> [YOUR OBJECTIVE]: Retype every line from the start of the entries below down to the line with "FNF vs Pibby", both ends included; skip the pictures.

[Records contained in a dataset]
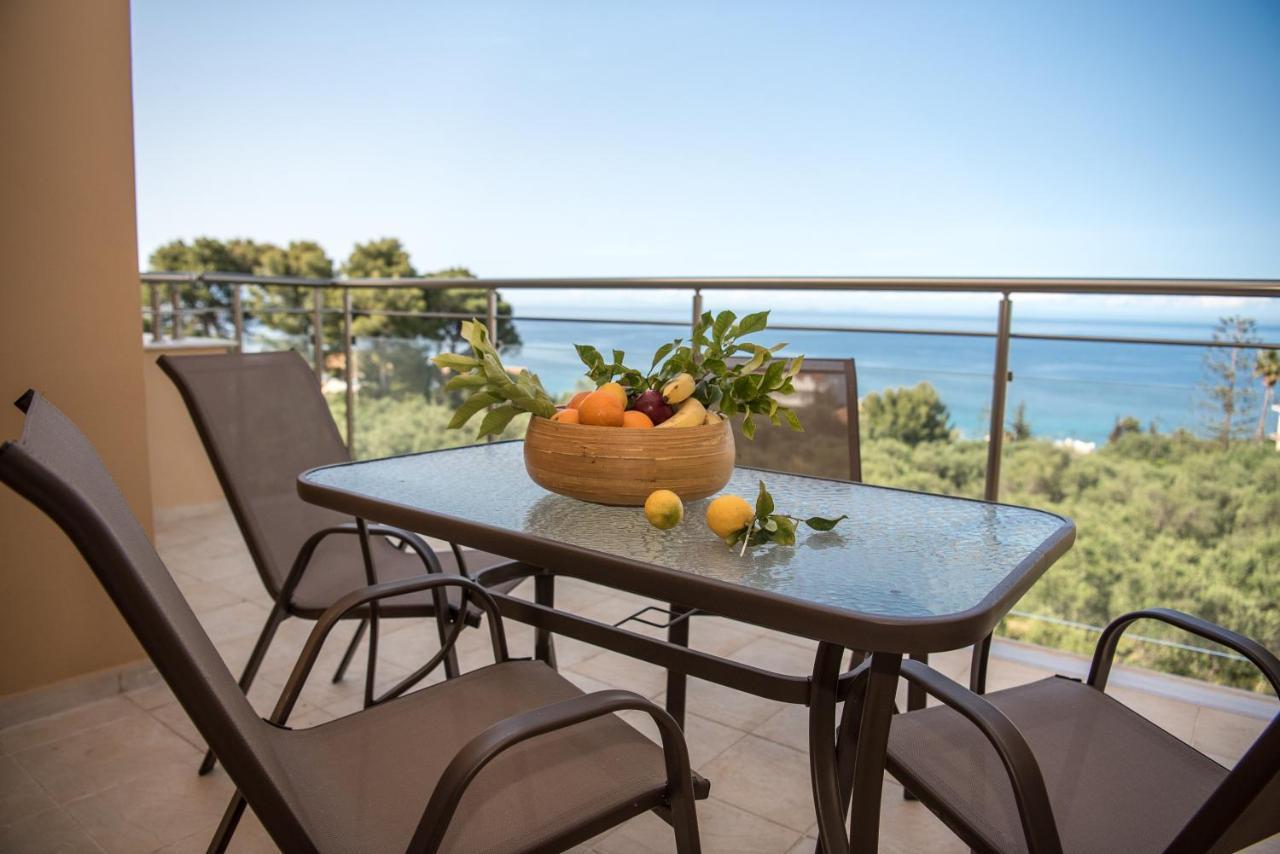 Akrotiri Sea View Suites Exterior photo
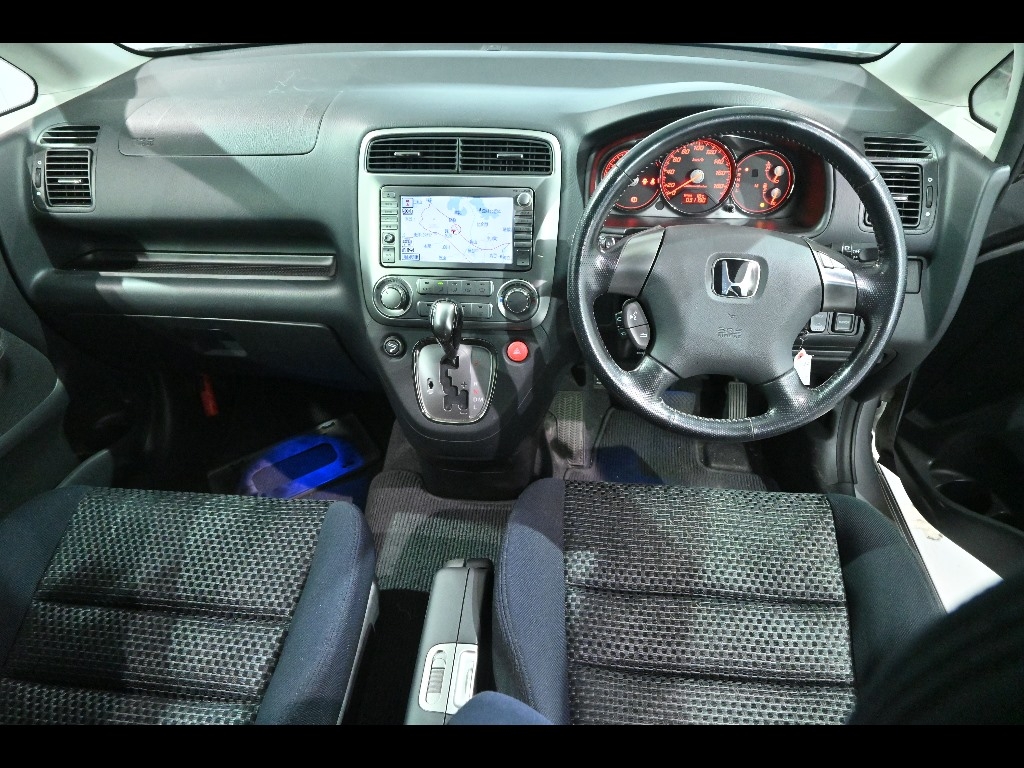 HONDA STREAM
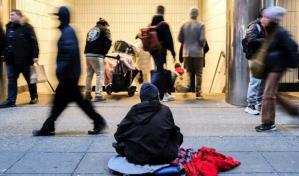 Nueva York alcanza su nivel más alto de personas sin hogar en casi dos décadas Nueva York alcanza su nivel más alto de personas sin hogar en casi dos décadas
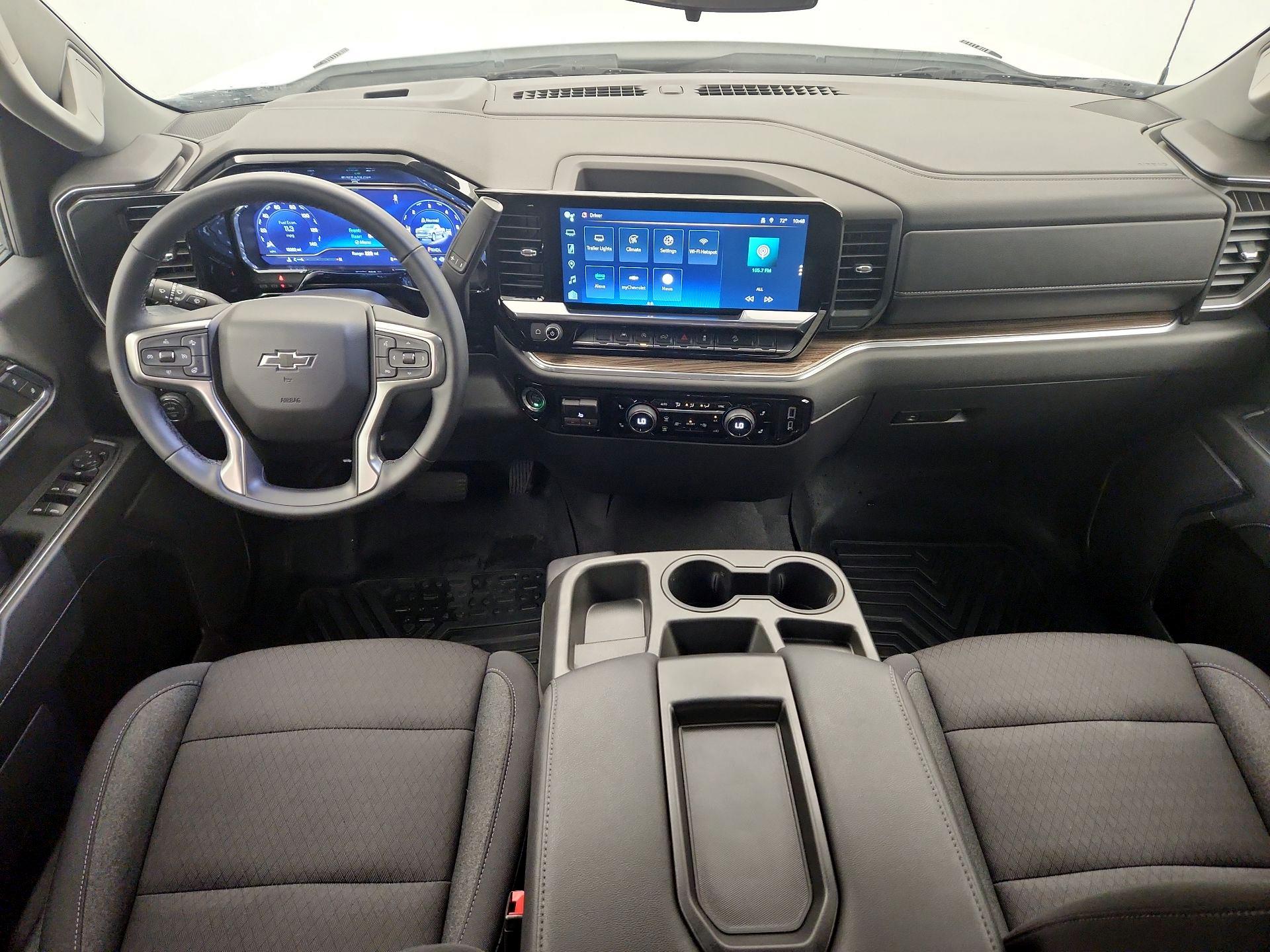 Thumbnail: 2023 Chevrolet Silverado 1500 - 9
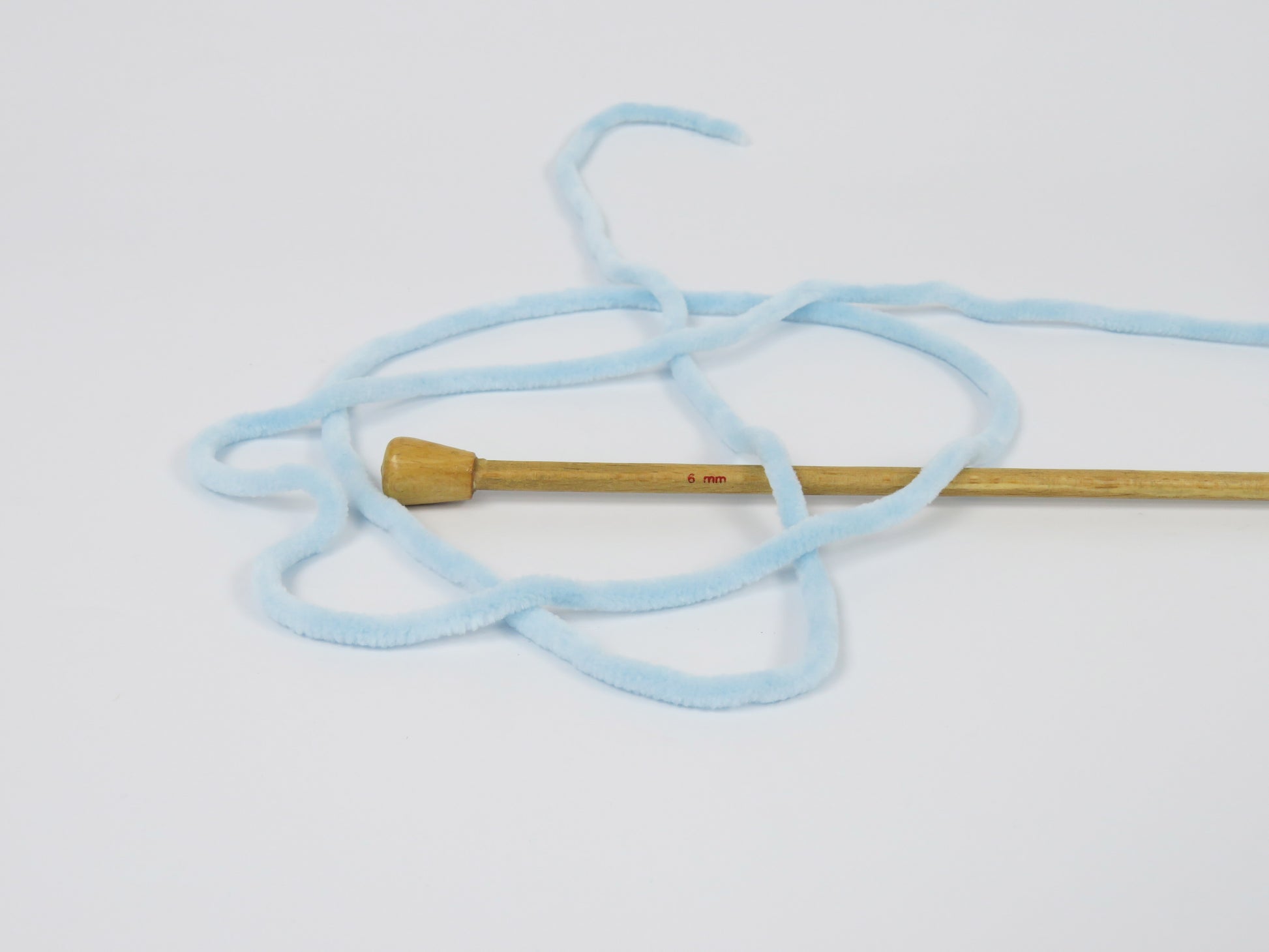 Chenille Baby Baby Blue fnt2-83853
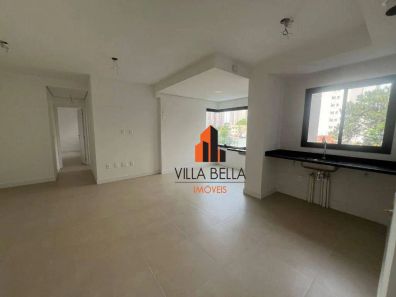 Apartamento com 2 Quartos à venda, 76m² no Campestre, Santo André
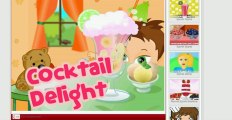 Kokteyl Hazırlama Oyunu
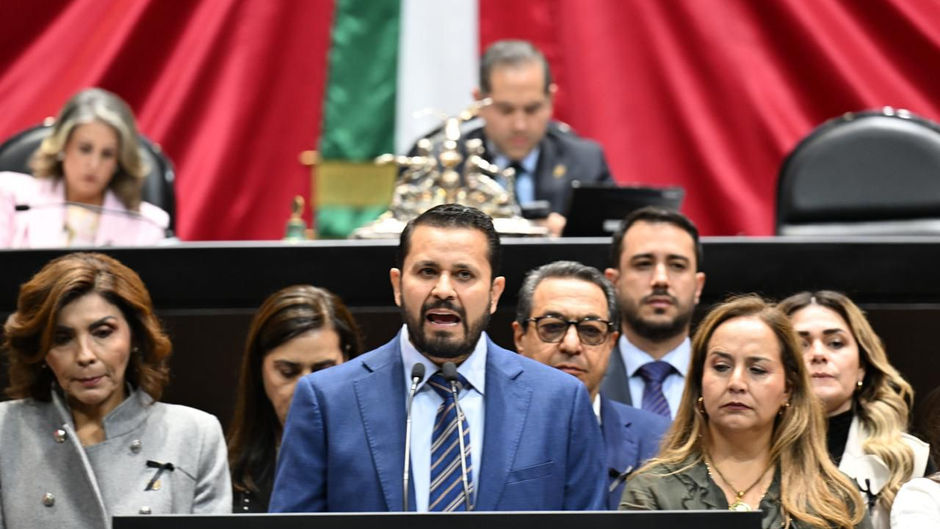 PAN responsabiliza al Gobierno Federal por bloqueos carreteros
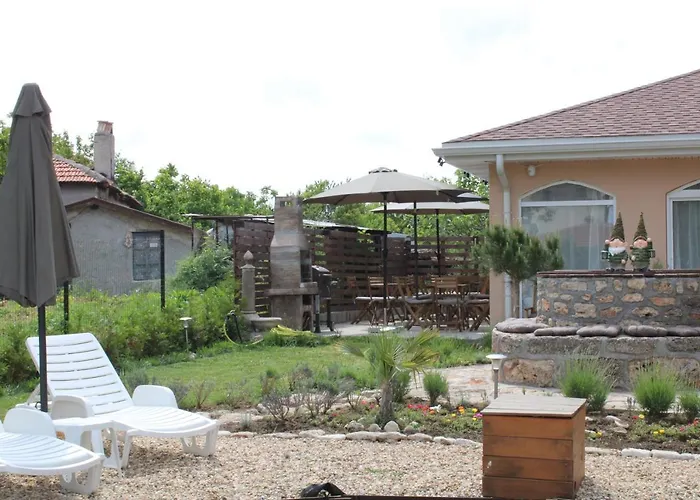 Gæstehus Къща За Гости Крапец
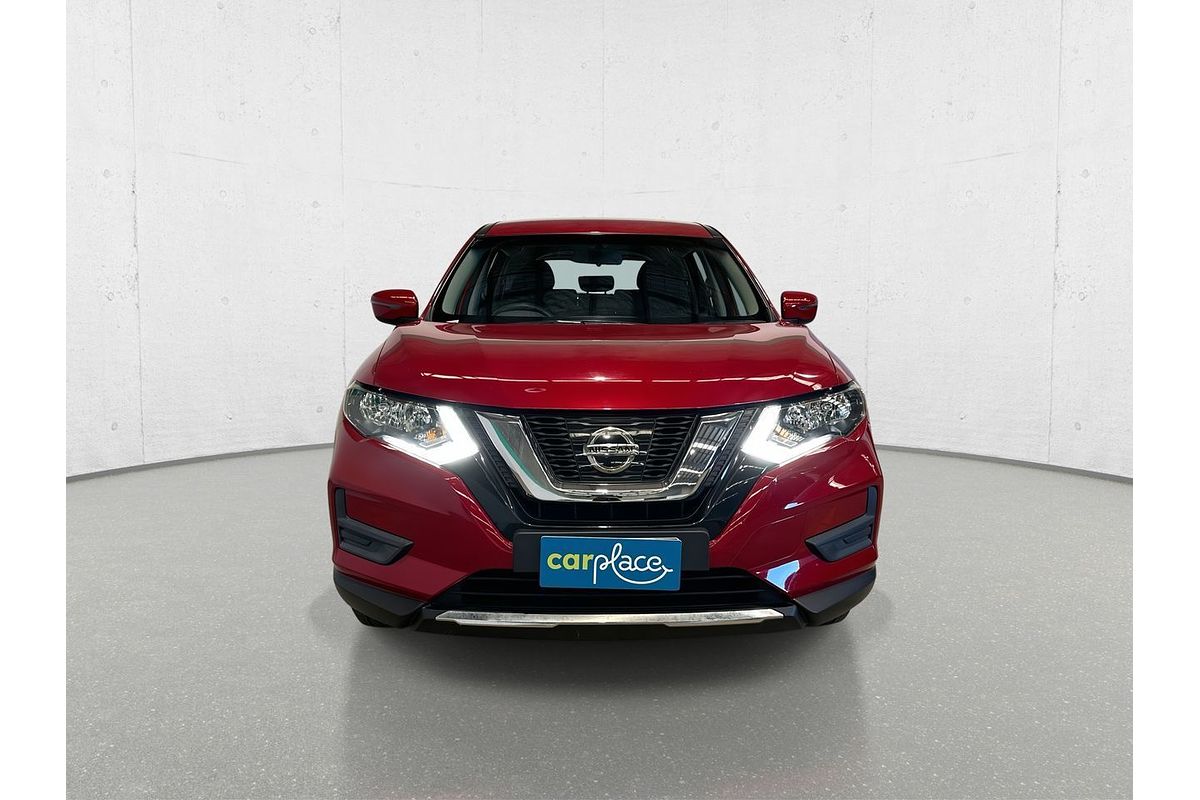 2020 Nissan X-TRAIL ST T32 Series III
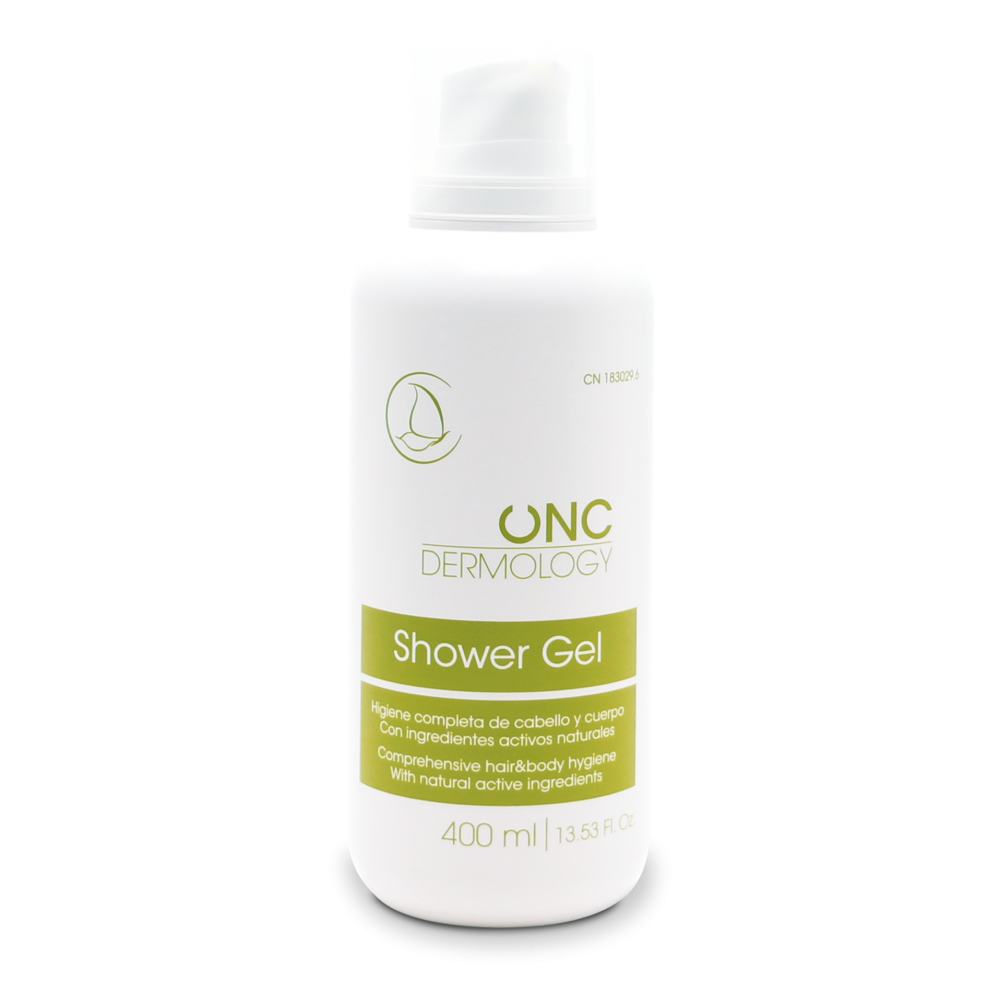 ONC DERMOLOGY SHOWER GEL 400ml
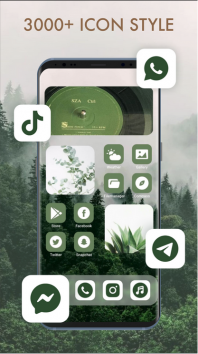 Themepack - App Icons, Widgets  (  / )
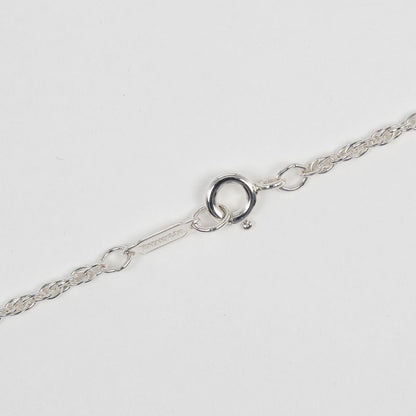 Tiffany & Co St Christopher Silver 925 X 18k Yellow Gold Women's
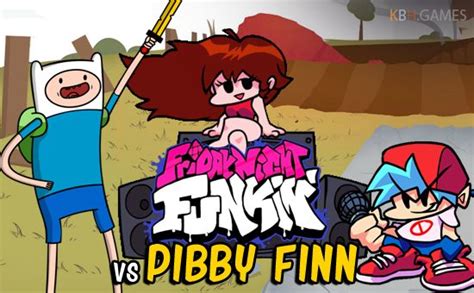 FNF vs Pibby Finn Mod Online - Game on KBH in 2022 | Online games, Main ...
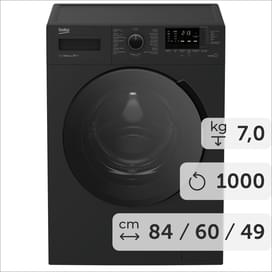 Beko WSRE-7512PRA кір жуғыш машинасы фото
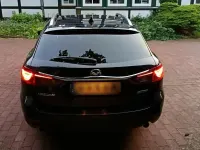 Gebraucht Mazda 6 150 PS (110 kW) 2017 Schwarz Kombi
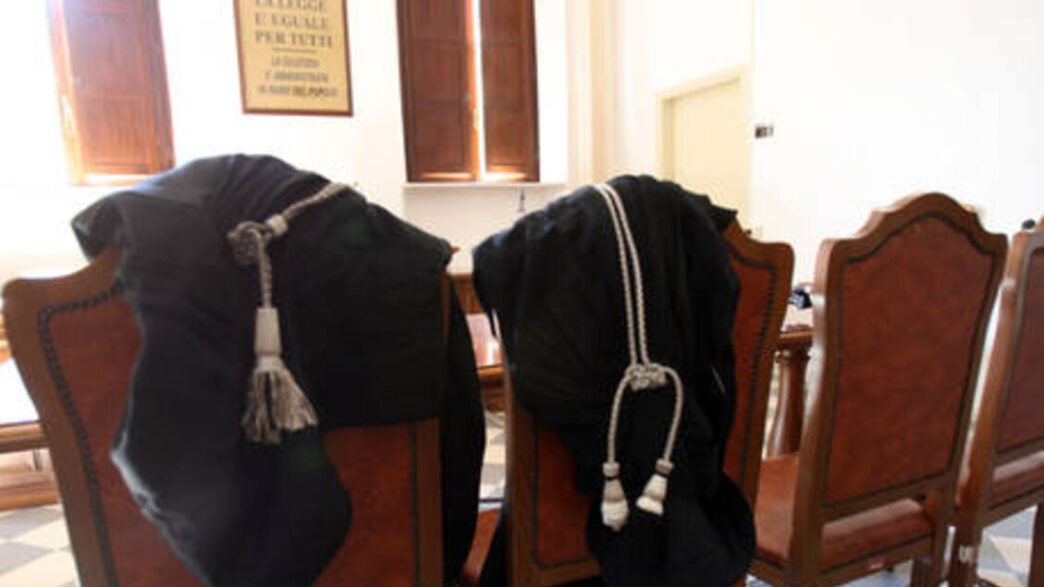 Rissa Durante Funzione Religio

> [THE COMPLETED TASK]:
 Akrotiri Sea View Suites Exterior photo
 HONDA STREAM
 Nueva York alcanza su nivel más alto de personas sin hogar en casi dos décadas Nueva York alcanza su nivel más alto de personas sin hogar en casi dos décadas
 Thumbnail: 2023 Chevrolet Silverado 1500 - 9
 Chenille Baby Baby Blue fnt2-83853
 Apartamento com 2 Quartos à venda, 76m² no Campestre, Santo André
 Kokteyl Hazırlama Oyunu
 PAN responsabiliza al Gobierno Federal por bloqueos carreteros
 Gæstehus Къща За Гости Крапец
 2020 Nissan X-TRAIL ST T32 Series III
 ONC DERMOLOGY SHOWER GEL 400ml
 Themepack - App Icons, Widgets  (  / )
 Tiffany & Co St Christopher Silver 925 X 18k Yellow Gold Women's
 FNF vs Pibby Finn Mod Online - Game on KBH in 2022 | Online games, Main ...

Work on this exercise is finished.